If the Second Amendment means what I think it has to mean. If the Second Amendment guarantees the people the right to bear arms in order to prevent the government from becoming tryranical. If the Second Amendment is there so that free Americans can protect themselves from an oppressive government and so that, in a pinch, they can fulfill the duty of revolution and overthrow that government. If all that's so. Then my hyperbolic, jokey response about how, whatever limitations there may be on the Second Amendment right, the government can surely prevent me from keeping an atom bomb in my backyard, is simply wrong.
Regardless, I'm still in some ways that Jewish kid from New York who hates guns.
Another Jewish kid from New York (and no, we've never met, though we both grew up on the upper west side of Manhattan) who presumably hated guns is the former Generalissima, now-Justice Elena Kagan.
The other day, she was in Baltimore helping a temple celebrate its 90th anniversary.  She talked about her family's search for a temple.  About convincing a "modern orthodox" rabbi (whatever sort of orthodox that is) to give her something like a bat mitzvah.  She talked about Jews on the SCOTUS bench and about a case involving a passport from Jerusalem or Israel or Palestine.  And she talked about (you knew I was going to get back to this, right?) guns.
She recalled paying a courtesy call on Sen. Benjamin Cardin, D-Maryland, who is a member of Beth Tfiloh, shortly after her nomination to the court by President Barack Obama in May 2010. Cardin asked her about gun rights, and remarked she may not realize how important the issue is to some Americans.

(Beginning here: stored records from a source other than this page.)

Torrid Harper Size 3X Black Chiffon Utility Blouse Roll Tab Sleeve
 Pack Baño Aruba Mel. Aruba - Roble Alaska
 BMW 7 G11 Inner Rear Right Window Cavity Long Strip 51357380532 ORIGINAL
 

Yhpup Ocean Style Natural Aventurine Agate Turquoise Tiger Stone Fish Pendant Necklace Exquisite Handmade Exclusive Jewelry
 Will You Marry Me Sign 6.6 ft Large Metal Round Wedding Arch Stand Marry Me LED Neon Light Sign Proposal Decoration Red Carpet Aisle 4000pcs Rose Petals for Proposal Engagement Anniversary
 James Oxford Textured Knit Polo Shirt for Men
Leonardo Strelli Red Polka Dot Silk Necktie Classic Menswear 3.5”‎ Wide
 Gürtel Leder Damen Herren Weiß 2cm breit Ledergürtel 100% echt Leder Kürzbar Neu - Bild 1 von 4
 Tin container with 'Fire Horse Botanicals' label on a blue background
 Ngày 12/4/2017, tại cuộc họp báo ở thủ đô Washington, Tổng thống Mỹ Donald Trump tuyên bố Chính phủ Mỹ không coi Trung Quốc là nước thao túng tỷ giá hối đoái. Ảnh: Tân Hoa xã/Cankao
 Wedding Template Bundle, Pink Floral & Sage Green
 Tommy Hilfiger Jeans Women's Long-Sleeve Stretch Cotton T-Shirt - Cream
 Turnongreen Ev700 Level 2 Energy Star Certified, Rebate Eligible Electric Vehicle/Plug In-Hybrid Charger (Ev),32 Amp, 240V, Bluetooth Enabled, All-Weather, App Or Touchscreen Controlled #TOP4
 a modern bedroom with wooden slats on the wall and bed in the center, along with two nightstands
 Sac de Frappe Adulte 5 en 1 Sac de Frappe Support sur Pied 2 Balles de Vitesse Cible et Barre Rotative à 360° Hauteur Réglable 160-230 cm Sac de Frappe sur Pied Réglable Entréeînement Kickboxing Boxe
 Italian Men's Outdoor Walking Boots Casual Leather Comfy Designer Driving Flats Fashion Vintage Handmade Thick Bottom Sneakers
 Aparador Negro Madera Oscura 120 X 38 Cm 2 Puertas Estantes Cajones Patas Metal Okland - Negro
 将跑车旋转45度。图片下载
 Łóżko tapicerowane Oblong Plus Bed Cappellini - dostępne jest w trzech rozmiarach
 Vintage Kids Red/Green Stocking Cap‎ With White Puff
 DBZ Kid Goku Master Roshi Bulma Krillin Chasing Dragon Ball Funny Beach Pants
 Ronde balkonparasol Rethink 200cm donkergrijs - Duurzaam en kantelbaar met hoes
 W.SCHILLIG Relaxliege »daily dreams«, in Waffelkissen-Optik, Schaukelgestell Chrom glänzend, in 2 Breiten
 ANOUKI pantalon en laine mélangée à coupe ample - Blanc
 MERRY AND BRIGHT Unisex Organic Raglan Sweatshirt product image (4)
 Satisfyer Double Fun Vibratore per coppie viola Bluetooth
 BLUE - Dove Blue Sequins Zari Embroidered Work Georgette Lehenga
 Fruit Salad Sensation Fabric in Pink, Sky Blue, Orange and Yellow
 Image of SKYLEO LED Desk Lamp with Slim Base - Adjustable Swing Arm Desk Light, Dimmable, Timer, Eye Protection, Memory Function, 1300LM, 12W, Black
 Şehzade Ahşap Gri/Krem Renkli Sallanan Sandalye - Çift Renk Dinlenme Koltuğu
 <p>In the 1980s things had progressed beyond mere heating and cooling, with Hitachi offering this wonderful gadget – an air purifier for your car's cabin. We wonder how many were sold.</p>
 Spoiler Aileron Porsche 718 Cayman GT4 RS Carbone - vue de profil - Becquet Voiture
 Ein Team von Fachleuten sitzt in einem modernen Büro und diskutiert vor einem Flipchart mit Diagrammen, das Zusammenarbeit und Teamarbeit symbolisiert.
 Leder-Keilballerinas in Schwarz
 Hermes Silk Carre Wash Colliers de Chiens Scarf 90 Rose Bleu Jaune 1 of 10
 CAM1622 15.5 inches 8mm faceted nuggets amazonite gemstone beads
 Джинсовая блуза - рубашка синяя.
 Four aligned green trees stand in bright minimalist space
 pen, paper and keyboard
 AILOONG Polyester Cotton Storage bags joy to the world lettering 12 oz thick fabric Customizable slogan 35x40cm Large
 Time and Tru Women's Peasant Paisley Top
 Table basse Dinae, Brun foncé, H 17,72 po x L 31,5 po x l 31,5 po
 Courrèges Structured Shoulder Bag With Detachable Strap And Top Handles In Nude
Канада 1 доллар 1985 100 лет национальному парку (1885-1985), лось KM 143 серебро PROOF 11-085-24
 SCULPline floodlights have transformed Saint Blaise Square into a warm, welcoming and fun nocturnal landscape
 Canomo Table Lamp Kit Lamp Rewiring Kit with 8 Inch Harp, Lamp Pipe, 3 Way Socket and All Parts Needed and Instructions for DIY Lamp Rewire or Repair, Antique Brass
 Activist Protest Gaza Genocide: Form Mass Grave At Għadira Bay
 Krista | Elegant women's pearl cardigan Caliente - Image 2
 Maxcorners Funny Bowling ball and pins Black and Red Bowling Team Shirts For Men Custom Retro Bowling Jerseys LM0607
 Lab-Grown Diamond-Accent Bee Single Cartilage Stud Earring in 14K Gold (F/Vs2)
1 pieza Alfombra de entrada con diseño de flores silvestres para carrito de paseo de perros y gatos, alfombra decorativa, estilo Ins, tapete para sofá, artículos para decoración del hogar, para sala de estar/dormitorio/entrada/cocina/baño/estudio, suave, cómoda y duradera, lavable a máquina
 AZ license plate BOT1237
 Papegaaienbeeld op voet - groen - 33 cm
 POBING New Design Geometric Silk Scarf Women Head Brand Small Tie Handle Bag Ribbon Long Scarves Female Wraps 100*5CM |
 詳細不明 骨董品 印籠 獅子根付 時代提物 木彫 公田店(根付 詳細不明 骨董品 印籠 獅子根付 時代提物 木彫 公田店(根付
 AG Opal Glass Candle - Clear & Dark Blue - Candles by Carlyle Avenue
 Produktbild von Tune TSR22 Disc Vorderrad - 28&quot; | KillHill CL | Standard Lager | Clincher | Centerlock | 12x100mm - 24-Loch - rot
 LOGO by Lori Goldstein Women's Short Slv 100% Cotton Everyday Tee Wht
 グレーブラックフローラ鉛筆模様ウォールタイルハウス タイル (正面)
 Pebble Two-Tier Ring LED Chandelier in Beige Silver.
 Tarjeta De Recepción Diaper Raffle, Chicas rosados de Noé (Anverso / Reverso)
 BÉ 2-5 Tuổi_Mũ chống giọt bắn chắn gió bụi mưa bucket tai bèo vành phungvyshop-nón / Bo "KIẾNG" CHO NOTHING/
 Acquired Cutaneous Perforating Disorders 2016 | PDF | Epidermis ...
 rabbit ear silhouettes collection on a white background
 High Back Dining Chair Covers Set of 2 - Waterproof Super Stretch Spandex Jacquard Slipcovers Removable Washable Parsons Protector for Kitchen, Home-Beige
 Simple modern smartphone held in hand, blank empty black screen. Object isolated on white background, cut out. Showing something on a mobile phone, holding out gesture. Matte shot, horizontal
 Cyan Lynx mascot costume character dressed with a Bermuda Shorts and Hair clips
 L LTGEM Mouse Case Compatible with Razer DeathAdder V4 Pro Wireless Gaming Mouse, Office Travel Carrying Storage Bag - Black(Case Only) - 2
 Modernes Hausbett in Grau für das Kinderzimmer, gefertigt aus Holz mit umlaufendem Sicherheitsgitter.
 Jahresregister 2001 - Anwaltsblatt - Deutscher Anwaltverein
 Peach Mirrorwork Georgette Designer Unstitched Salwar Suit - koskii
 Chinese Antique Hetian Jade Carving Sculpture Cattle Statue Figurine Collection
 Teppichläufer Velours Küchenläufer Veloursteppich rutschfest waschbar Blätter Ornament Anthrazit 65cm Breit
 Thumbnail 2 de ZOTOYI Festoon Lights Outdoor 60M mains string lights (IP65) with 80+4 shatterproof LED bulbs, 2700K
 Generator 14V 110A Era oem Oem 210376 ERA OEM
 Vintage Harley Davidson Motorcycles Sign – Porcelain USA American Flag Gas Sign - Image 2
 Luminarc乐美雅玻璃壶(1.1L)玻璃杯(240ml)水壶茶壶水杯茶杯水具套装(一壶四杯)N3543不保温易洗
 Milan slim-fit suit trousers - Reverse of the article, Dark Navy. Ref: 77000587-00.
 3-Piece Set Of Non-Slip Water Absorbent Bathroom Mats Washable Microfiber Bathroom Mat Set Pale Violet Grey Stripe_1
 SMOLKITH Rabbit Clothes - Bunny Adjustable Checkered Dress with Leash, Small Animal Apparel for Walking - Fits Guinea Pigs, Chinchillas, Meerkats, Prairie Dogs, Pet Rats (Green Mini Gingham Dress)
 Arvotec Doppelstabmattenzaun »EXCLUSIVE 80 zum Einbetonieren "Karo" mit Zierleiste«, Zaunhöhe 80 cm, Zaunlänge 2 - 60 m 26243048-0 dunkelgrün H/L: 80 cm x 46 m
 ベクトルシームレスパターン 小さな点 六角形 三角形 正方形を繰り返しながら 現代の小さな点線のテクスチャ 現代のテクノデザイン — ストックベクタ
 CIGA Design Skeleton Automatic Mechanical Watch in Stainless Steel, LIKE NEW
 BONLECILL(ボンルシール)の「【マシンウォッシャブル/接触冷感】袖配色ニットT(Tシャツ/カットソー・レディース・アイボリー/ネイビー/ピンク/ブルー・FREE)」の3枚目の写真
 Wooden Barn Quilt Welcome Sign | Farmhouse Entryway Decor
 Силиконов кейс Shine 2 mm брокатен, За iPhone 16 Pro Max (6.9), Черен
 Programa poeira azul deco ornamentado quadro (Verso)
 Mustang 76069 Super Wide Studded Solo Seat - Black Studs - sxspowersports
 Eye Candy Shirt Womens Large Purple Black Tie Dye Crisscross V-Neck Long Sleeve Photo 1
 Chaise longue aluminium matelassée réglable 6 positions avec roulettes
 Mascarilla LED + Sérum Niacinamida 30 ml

She admitted never having owned or fired a gun before. "But I told Sen. Cardin if I was fortunate enough to be confirmed, I would go hunting with Justice Scalia."
And she has, joining her conservative colleague on an excursion to a Washington-area shooting range and on several hunting trips, until now never reported. Her host at the synagogue event was surprised.
"You're Jewish," deadpanned Rabbi Mitchell Wohlberg.
"Yeah, but it turns out, it's kind of fun," said Kagan, laughing.
And no, I'm not going to try relating this to the big/game/hunter cops near Zanesville (home of the National Road/Zane Grey Museum, by the way) who just tracked down and killed some 49 "exotic" animals.